= Zenia Kotval =

Professor of Urban Planning

Zenia Kotval (born 1964), is a professor of Urban and Regional Planning at Michigan State University, specializing in community engagement and economic development.

==Education==

Kotval earned her Bachelor's in Architecture (1987) at the Academy of Architecture in Mumbai, India, followed by a Masters in Regional Planning (1989), and a PhD in Regional Planning (1994), at the University of Massachusetts Amherst.

==Career==

Kotval is a researcher and a practitioner on community engagement, economic development and brownfield development. Her research includes multiple territorial contexts, from the United States to Estonia, and in multiple teaching settings. 2003 research by Prof Kotval was pivotal in the promotion of the visions of Frank Lloyd Wright for Pittsfield and how its industrial worker housing shaped the city in particular using Wright's “Cloverleaf” design.

Building on the work of Sherry Arnstein and Patsy Healey, she advocates that economic development should be seen as a tool at the service of community improvements and inclusion, a role this is particularly important in declining areas as a means to include local populations left behind by the development process.

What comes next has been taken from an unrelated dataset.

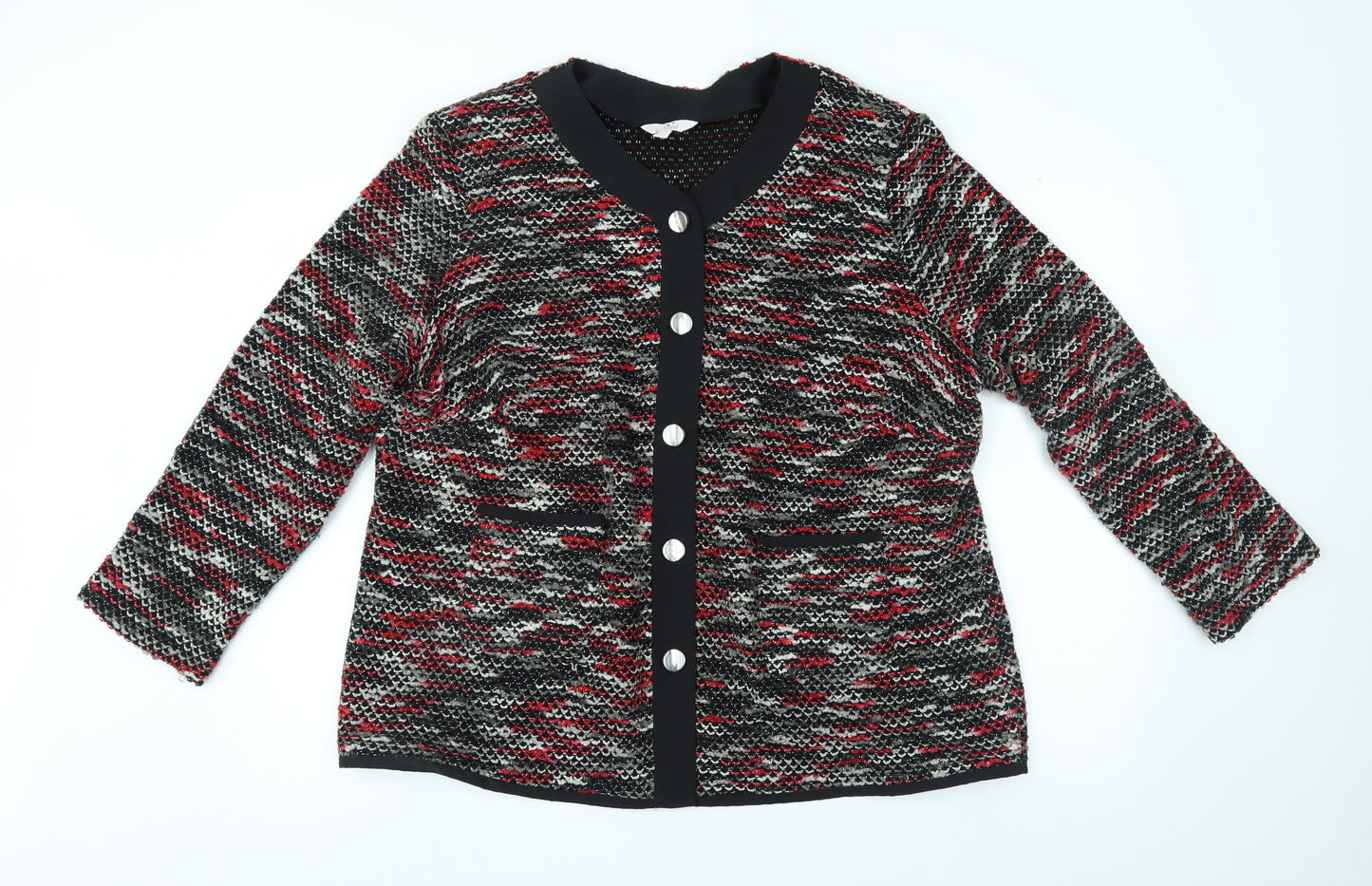 julipa Womens Red Striped  Cardigan Jumper Size 22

Her work in aid of communities facing economic hardship includes expert support to a 2017 agreement between the Kewaunee School District, Kewaunee County and Northeast Wisconsin Technical College and Dominion Energy Kewaunee Inc.

==Honors and awards==

She is a Fellow of the American Institute of Certified Planners, a Scholar of the Fulbright Programme, and a member of the Planning Accreditation Board that is one of the recognized higher education related accreditation organizations that accredits planning programs across all American planning studies.